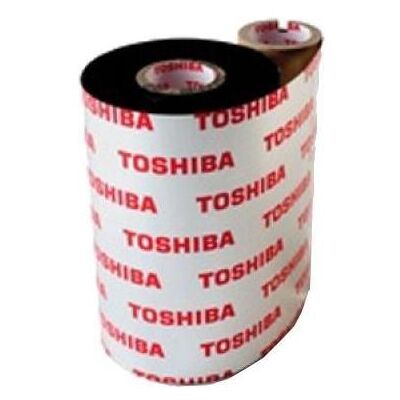 Toshiba Beschriftungsband, Farbband Wachs P 114mm 600m SX4T/SX5T 68,40m² (11.40 cm, Schwarz) Toshiba Beschriftungsband, Farbband Wachs P 114mm 600m SX4T/SX5T 68,40m² (11.40 cm, Schwarz)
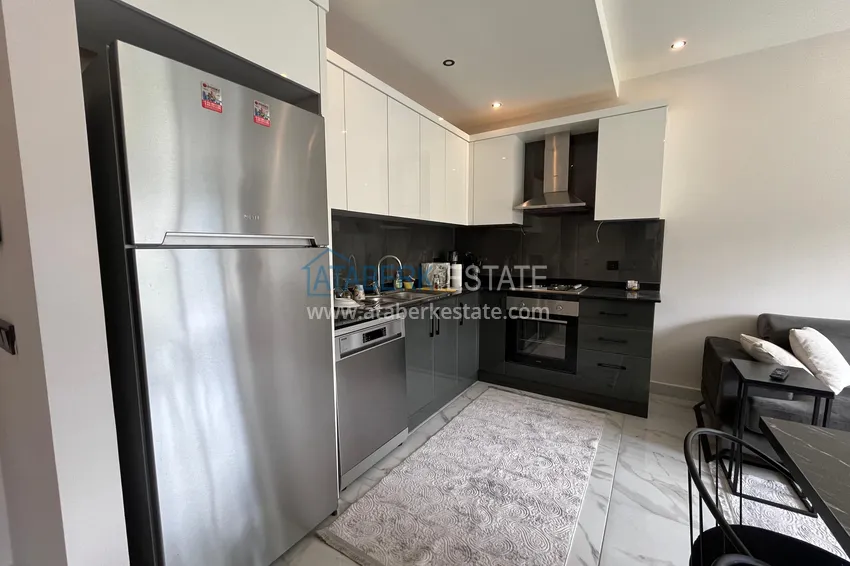 Kupuj  Umeblowany apartament 1+1 z widokiem na góry w okolicy Górnej Oba 3 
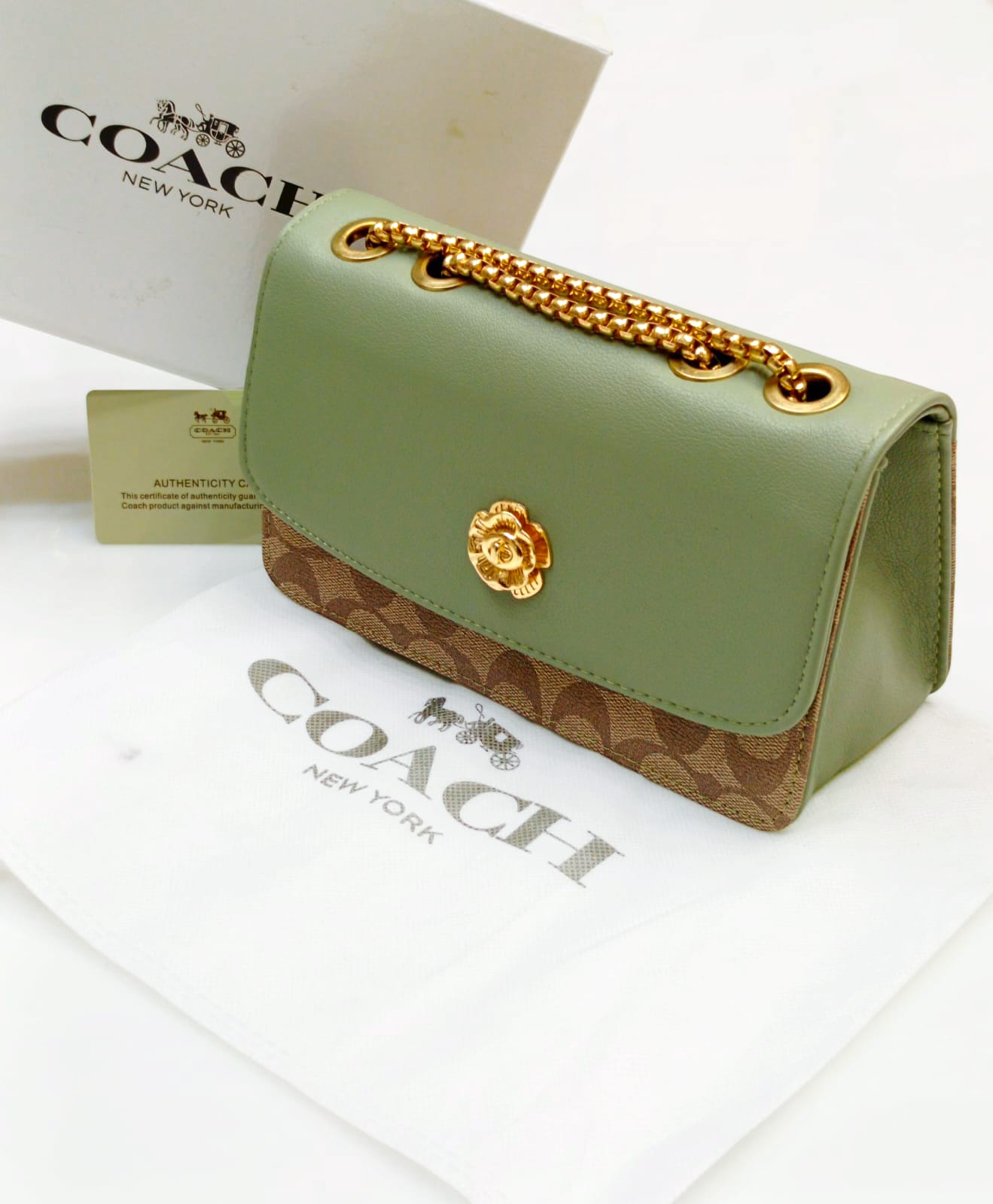 Coach High Quality Imported Clutches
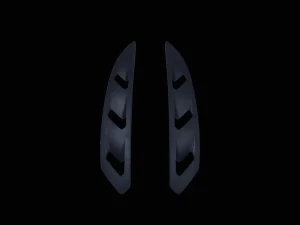Trek Bikes Bontrager Ballista Bike Helmet Vent Cover Black Fashion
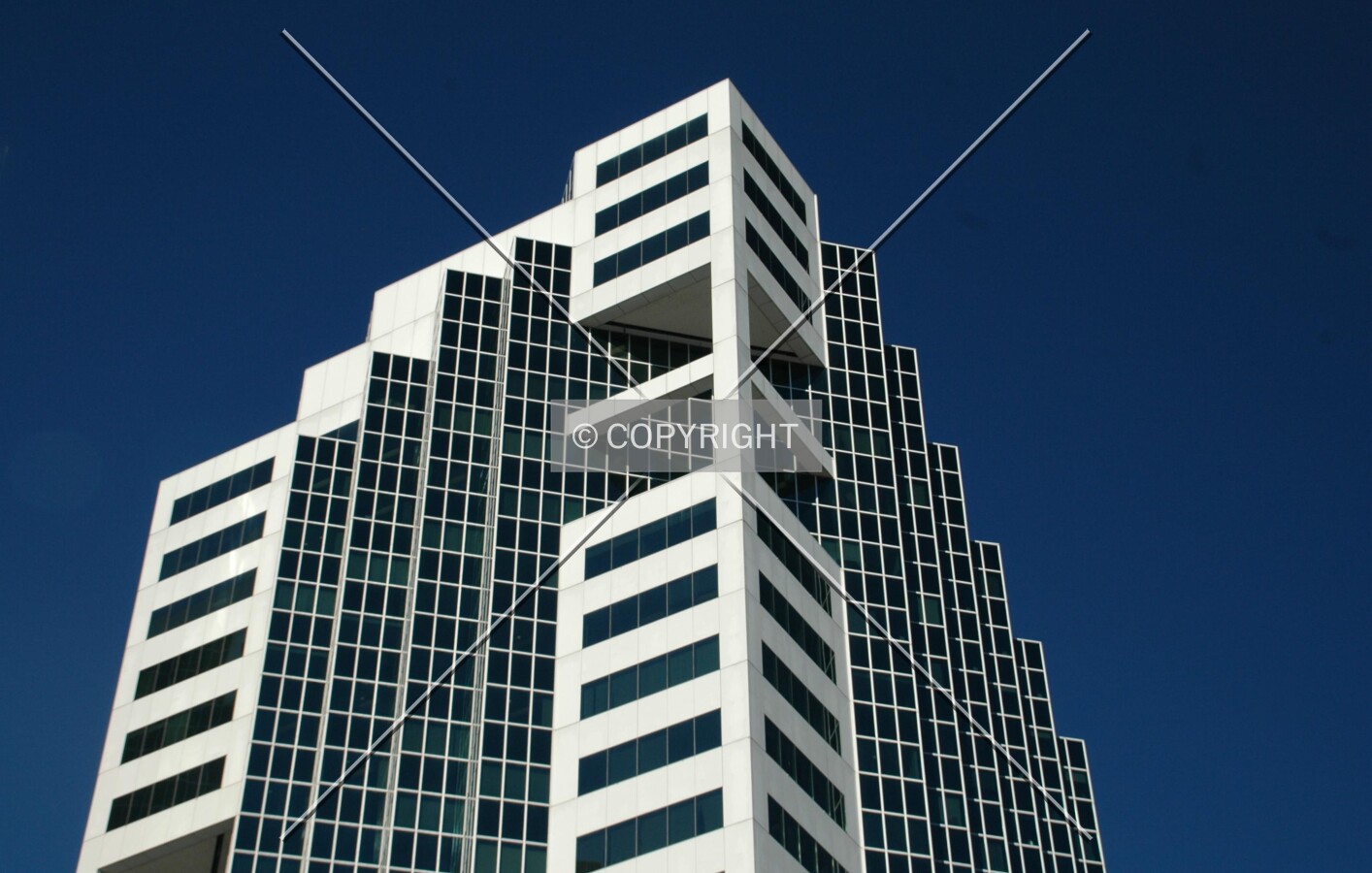 Top of the northwest corner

WORK ITEM:
Reproduce the listing verbatim, and keep the pictures out of the copy.

THE COMPLETED TASK:
 Toshiba Beschriftungsband, Farbband Wachs P 114mm 600m SX4T/SX5T 68,40m² (11.40 cm, Schwarz) Toshiba Beschriftungsband, Farbband Wachs P 114mm 600m SX4T/SX5T 68,40m² (11.40 cm, Schwarz)
 Kupuj  Umeblowany apartament 1+1 z widokiem na góry w okolicy Górnej Oba 3 
 Coach High Quality Imported Clutches
Trek Bikes Bontrager Ballista Bike Helmet Vent Cover Black Fashion
 Top of the northwest corner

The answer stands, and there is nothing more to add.